Former NSA executive urges public vigilance against government overreach
Drake woke up Wednesday in a guesthouse on the campus of Gustavus Adolphus College in St. Peter, Minn. The former senior executive of the National Security Agency spoke at the college's annual Mayday Peace Conference last week as part of his second career: the whistleblower warning the nation about the rise of mass surveillance.
After a career in the Air Force and stints as a CIA analyst and an intelligence agency contractor, Drake took a job at the NSA, perhaps the country's most secretive federal agency, which exists to protect the nation by intercepting and analyzing telephone and digital communications. His first day of work was Sept. 11, 2001.
Within months, he said, he was disturbed by what he saw. To stop future attacks, the NSA was collecting huge volumes of communications of Americans, flouting the Constitution's protection against warrantless searches, he said.
He said he raised his concerns internally at first, to no effect. In 2006, he contacted a reporter at the Baltimore Sun, which then published a series of stories about Trailblazer, an NSA program it described as violating privacy at huge cost and dubious benefit.
Drake said he chose defending the law over loyalty to the agency. "If that meant going to prison, then I would go to prison. I knew that in blowing the whistle, shortly after 9/11, I would expose myself to that possibility, and not just lose my job, but lose everything."
In 2007, FBI agents raided his home in Maryland. Drake was left in limbo for two years, wondering whether the new Obama administration would continue the case. He got his answer in April 2010 when he was charged with 10 felony counts. Five of them invoked the Espionage Act, a law that's intended for saboteurs, not whistleblowers.
Four days before his trial was to begin in 2011, the government dropped the espionage charges and allowed Drake to plead guilty to a misdemeanor of misusing a government computer. He was sentenced to community service, probation and a $25 court fee.
The judge lashed out at the prosecution for putting Drake through "four years of hell."
By then, Drake could no longer afford private attorneys and had found a job at an Apple Store, where he still works today. Yet he had the unique distinction of having beaten the rap in the Obama administration's unprecedented use of the Espionage Act to punish leakers.
Now he's a celebrity in the small society of federal whistleblowers, a subject of documentary films and profiles, with his own book on the way and plans to teach.
"We are in serious distress as a nation and as a society," he told the conference. "What would you sacrifice in defending the Constitution?
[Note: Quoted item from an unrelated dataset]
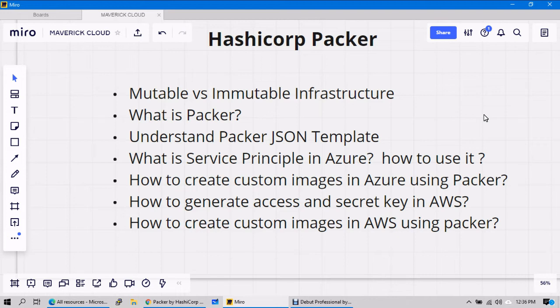Packer uses the same JSON syntax with a customized notation — we'll try to understand that. In order to deploy images in Azure, it requires some sort of service principal, which we'll discuss in brief, and we'll see how we can create custom images in Azure.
What would you be willing to give up for liberty and freedom?"
Drake and other NSA whistleblowers were vindicated when NSA contractor Edward Snowden went public in 2013 with secret records that showed the enormous scale of illegal spying by the agency. Snowden, in exile in Russia, has also been charged under the Espionage Act.
In October 2013, Drake was one of four Americans, including former Minneapolis FBI special agent Coleen Rowley, who traveled to Moscow to deliver an award to Snowden. Rowley shared the stage with Drake at Gustavus last week.
"I'm a living example of how it's possible to speak truth to power," Drake said.
Asked last week for a statement about Drake, the National Security Agency responded: "We have nothing for you on this request."